Note: AllReduce failover and pserver failover will be discussed on other design docs.

Master

Master is responsible for creating/deleting/scheduling pserver and worker
Master defines a parameter sharding strategy, and generate unique key for each parameter(or sharded parameter)
Master defines a hash strategy from parameter key to pserver id

Workflow:

Master creates several pservers and workers according to users’ configuration
Master generates parameter sharding strategy based on the model definition provided by users
Master initializes parameter, and send to pservers
Master triggers pservers and workers and starts training
Master monitors the cluster, and increase or decrease workers according to priority

Pserver

Pserver provides kv store service, and workers could push/pull <key, value> to the pserver
Pserver provides optimize service, apply gradients to parameters and update back to kv store

Workflow:

Pserver waits for workers pushing <key, gradient> to pserver
Pserver gets the key and queries kv store to get corresponding parameter
Pserver calls optimizer, applys <key, gradient> to <key, parameter>
Pserver updates <key, parameter> back to kv store
Pserver saves model checkpoint to disk periodially

Note: We could implement the kv store by ourselves, or we could use some existing solution, such as redis.

Worker

Worker defines a forward/backward computation proccess
Worker defines a dataloader module

Workflow:

Before forward layer starting, worker sends key to pserver, and pull <key, parameter> back from pserver
Worker starts forward layer computation
After backward layer finishing, worker generates <key, gradient>
Worker pushes <key, gradient> to pserver

Worker could also run a evaluation task.
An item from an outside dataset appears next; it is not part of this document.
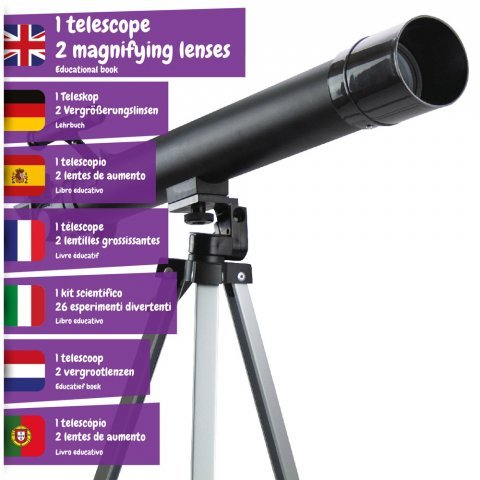 TELESCOPE. Pedagogiskt spel f&ouml;r barn - Blandade f&auml;rger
It pulls <key, parameter> from pserver, and reports evaluation metrics results to master, but does not push data to pserver.
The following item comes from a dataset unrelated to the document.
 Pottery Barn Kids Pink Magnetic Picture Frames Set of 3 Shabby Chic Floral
Note: There could be some same item id in a minibatch data. So some gradient vector of embedding table will have the same item id. We need to sum these gradient before pushing to pserver.

Delayed model updating

In order to reduce the communication overhead between workers and pservers, we propose a strategy called delayed model updating. A worker runs several rounds of forward/backward computation using its local model, and keep the gradients locally. After finishing, it pushes gradients to pservers.

Note: Since the local model is only a part of the global model, in some circumstance, workers still has to pull the embedding vector parameter from pservers if there exits unknow item ids in a minibatch data. In async mode, this will lead to relative newer embedding part parameters, but relative older other part parameters.

Elastic scheduling

Analysis

First, we analyse the hardware resources that pserver and worker consume.
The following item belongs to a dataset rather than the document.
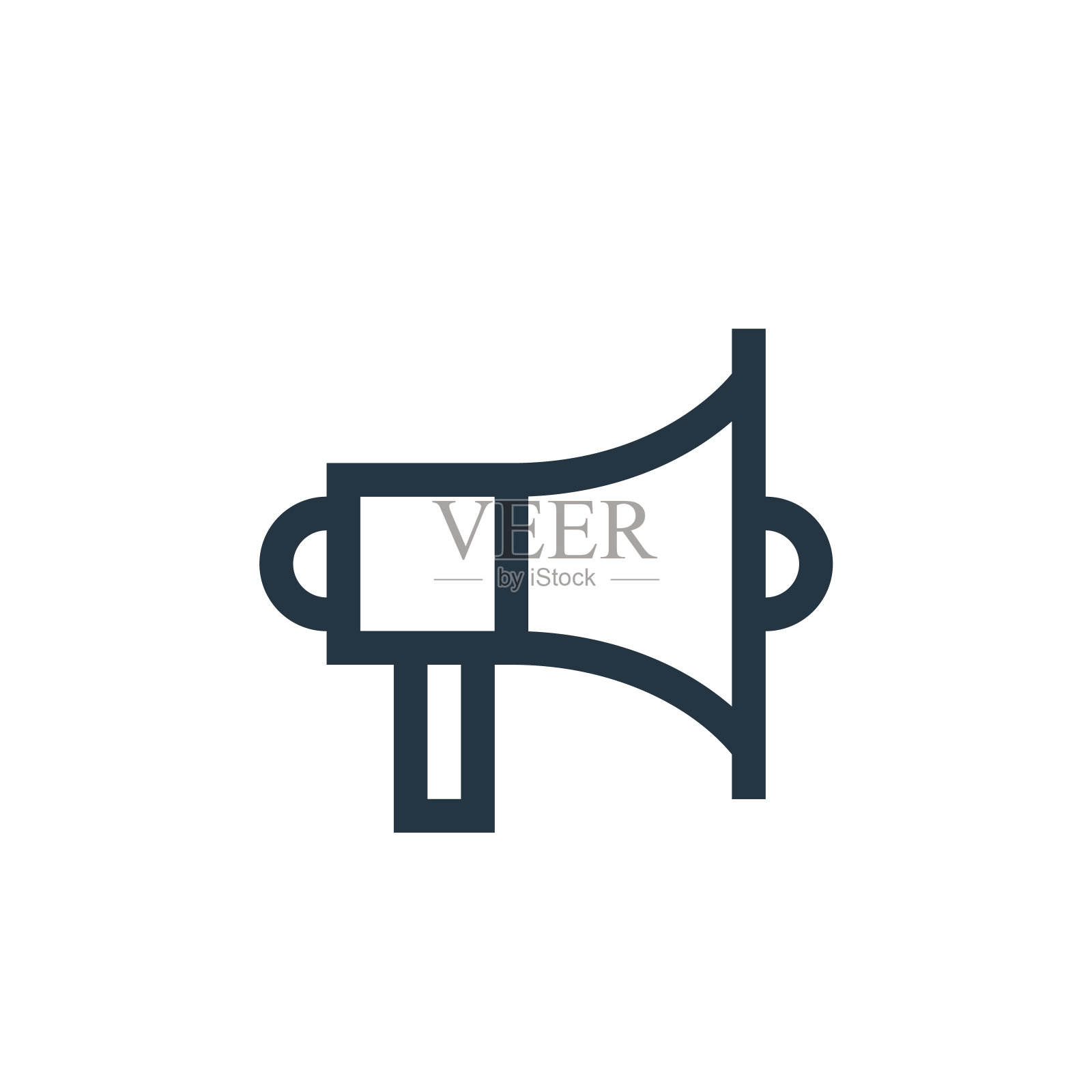 宣传矢量图标孤立的白色背景。大纲、细线宣传图标用于网站设计和手机、应用程序开发。细线宣传大纲图标矢量插图。插画图片素材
role	CPU	memory	network bandwidth	disk
worker	high	medium	medium	low
pserver	low	medium	high	medium

Worker does the forward/backward computation and consumes CPU most, while pserver provides kvstore service and consumes network bandwidth most. Since our target is to scheduling deep learning jobs elastically, we must have the ability to increase/decrease CPU resources of worker, and increase/decrease network bandwidth resources of pserver.

Solution

As we are using asynchronous SGD, increasing/decreasing CPU resources of worker is trivial. We can just create more workers or kill some workers under different cluster status.

For example, if job A requests 50 CPU cores, but current cluster only has 30 CPU cores. The cluster will lanuch the job immediately with 30 CPU cores. If the cluster has more CPU cores after a while, it will tell the master of job A to occupy the idle CPU cores and create more workers.

And for pserver, how can we adjust network bandwidth? One solution is to create or delete pserver pods. Since each node has a network interface card, more pserver pods in different nodes might mean more network bandwidth.

Note: ElasticDL has no ability to control network bandwidth, or get current network traffic status. So a naive stragety could be making pservers occupy more nodes.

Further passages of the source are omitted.